- [Given entries]

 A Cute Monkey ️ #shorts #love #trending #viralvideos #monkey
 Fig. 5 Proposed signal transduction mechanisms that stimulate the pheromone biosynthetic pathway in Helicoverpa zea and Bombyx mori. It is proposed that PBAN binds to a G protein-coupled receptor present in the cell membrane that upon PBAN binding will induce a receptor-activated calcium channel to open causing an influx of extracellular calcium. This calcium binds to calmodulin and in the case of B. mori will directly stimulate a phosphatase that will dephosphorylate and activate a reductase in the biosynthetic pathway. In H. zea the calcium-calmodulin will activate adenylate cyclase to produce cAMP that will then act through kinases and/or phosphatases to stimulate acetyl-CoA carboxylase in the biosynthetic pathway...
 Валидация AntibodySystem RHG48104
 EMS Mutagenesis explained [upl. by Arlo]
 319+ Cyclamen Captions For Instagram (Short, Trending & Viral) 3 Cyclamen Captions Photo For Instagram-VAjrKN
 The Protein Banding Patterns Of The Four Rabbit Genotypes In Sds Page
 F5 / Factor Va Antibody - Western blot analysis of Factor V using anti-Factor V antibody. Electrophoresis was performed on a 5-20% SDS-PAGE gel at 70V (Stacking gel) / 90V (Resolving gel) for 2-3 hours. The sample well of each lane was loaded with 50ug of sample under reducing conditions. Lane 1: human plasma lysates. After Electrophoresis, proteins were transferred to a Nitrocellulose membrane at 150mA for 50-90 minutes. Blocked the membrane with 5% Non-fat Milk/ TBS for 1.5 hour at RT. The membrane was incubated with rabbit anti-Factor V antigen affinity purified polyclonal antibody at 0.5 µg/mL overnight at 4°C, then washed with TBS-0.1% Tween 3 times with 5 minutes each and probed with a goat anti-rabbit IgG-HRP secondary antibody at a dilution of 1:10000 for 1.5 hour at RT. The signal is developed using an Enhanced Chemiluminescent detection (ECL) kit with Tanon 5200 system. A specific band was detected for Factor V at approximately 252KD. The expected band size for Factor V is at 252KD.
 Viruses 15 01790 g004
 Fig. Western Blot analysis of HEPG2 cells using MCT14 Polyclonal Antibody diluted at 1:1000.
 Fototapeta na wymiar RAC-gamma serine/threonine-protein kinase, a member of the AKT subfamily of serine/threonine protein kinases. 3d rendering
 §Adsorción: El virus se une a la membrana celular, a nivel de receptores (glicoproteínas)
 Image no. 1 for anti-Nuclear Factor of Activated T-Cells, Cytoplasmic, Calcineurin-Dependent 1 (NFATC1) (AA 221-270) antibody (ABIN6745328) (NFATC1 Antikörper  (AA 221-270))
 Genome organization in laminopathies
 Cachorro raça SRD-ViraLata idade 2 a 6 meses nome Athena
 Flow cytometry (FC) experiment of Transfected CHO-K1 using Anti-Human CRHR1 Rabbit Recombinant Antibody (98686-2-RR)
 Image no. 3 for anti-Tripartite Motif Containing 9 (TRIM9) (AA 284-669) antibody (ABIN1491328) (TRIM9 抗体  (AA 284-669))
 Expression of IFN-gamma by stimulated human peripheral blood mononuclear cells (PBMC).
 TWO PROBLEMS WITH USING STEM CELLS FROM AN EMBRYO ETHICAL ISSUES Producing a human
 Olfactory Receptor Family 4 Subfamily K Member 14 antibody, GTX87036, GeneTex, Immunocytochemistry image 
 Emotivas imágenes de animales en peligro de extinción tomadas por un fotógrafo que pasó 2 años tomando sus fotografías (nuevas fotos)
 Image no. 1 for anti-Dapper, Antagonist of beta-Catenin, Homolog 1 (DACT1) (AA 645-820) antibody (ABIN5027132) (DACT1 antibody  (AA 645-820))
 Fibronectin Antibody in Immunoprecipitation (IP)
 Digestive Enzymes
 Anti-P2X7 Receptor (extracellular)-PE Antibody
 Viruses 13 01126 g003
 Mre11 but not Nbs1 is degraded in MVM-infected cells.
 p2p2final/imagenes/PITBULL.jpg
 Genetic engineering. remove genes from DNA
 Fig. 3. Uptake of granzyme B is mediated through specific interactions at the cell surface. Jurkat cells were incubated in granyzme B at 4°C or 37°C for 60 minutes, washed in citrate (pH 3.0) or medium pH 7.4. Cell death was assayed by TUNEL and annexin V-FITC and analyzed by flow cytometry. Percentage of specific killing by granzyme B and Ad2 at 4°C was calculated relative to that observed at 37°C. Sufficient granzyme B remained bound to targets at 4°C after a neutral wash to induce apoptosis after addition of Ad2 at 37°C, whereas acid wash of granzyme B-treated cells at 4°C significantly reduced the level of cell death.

- [Work task]
Output the lines above exactly, but only those between the line holding "319+ Cyclamen Captions" and the line holding "The Protein Banding", inclusive.

- [Answer for the task]
 319+ Cyclamen Captions For Instagram (Short, Trending & Viral) 3 Cyclamen Captions Photo For Instagram-VAjrKN
 The Protein Banding Patterns Of The Four Rabbit Genotypes In Sds Page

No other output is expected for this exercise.